The new XM250 has a semi-automatic mode, but is meant to be fired in fully automatic most of the time. The same goes for the M2A1, it has a semi-automatic mode for administrative functions but is designed to operate in fully automatic. The Negev 5 and Negev 7 machine guns follow this trend too, with a semi-auto selection setting for administrative or select situations but designed to be fired on fully automatic for normal operation.
Semiautomatic weapon
They can’t mess this one up, right?
The photo choice is interesting, but still accurate. They could have just as easily used something like…
But that decision might imply that semi-automatic weapons are… common everyday firearms and not ‘weapons of war’ upon our streets.
How about the definition? How did they do?
Semiautomatic rifles fire one bullet each time the trigger is pulled, automatically loading the next round from the magazine into the chamber. They also are called self-loading rifles or auto-loading rifles.
Actually, nothing to critique there beyond the fact they switch from semi-automatic weapon to semi-automatic rifle. Changing terms mid-explanation does not lead to good comprehension of these critical terms in understanding the gun control debate, yet they continue committing this error.
Caliber
Caliber is the measure of the internal diameter of a gun’s barrel and the outside diameter of its bullet. It is measured in hundredths or thousandths of an inch—.45 handgun has a barrel diameter of 0.45 inches. It also may be measured in metrics, such as a 9mm handgun.

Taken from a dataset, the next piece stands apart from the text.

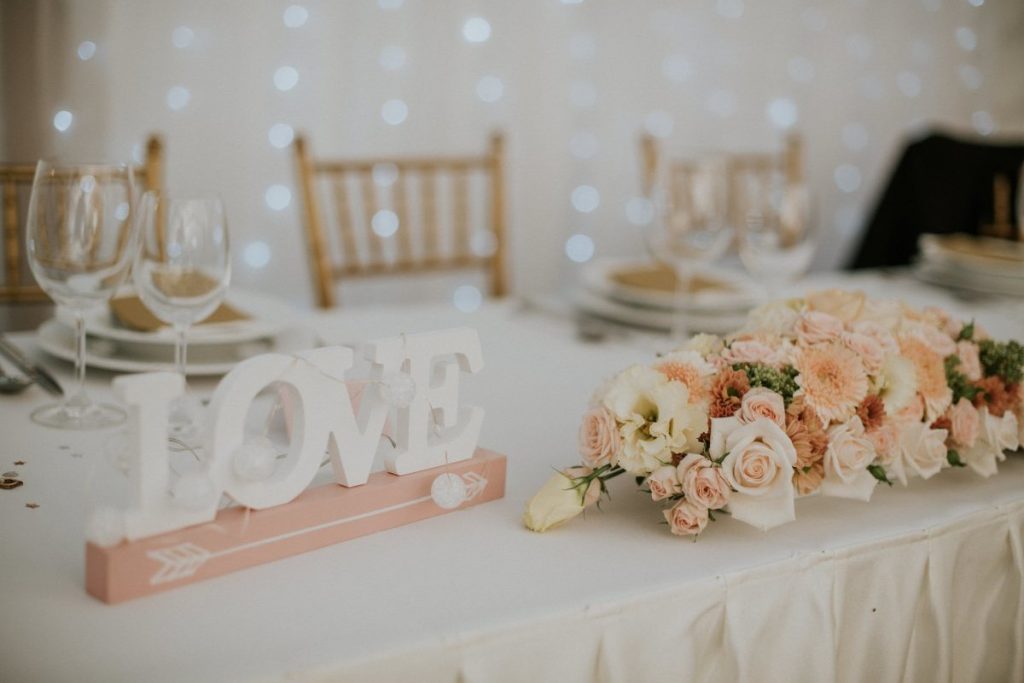 wedding-nora-adam-20180714-1642008484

That’s… close. However not close enough to be helpful. Caliber is indeed the diameter of the projectile and barrel, but it primarily denotes all the dimensions of a particular cartridge so that a standard for it can be maintained. For example 45 ACP and 45-70 are very different calibers (cartridges) but are the same caliber (diameter). Stating a weapon’s caliber is denoting its full chambering, all dimensions and safe pressure to operate, not merely its bore diameter. It states the specific type of ammunition the firearm can fire. This is critical for safe operation of the firearm.
International gun control
Other developed nations have far more stringent gun laws than the United States.

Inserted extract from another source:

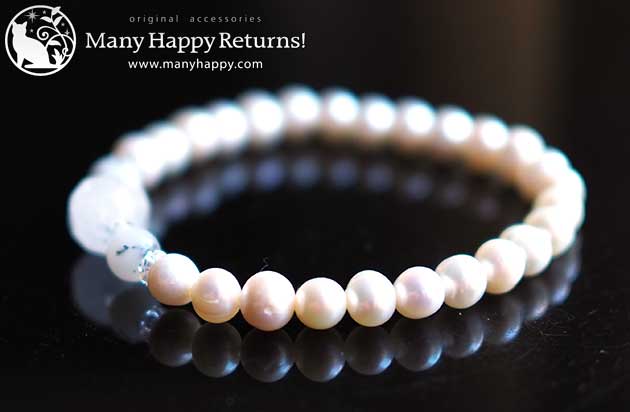 �p���[�X�g�[���u���X���b�g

The term ‘developed’ is usually an indicator that they have cherry picked a selection of high income western countries that they are going to hold up as an example for us to emulate without further denotation of differences is size, demographics, culture, criminality, economics, or history. Also why is ‘International Gun Control’ a term? Why isn’t a specific law like the GCA, but in Canada or Germany, being used and not just a vague ‘other nations have rules too.’
Oh, right. My bad. This list is already irredeemably erroneous so why should I expect it to get better going international.
For instance, Canada recently banned the sale and import of handguns.
It was already prohibited that handguns be used for anything other than target shooting at approved ranges, you weren’t even legally allowed to defend yourself with your legally owned handgun in Canada and yet somehow firearm crimes and violent crimes have still been a problem, to include a selection of mass shootings. One such shooting involved the impersonation of CMP Officer in the commission.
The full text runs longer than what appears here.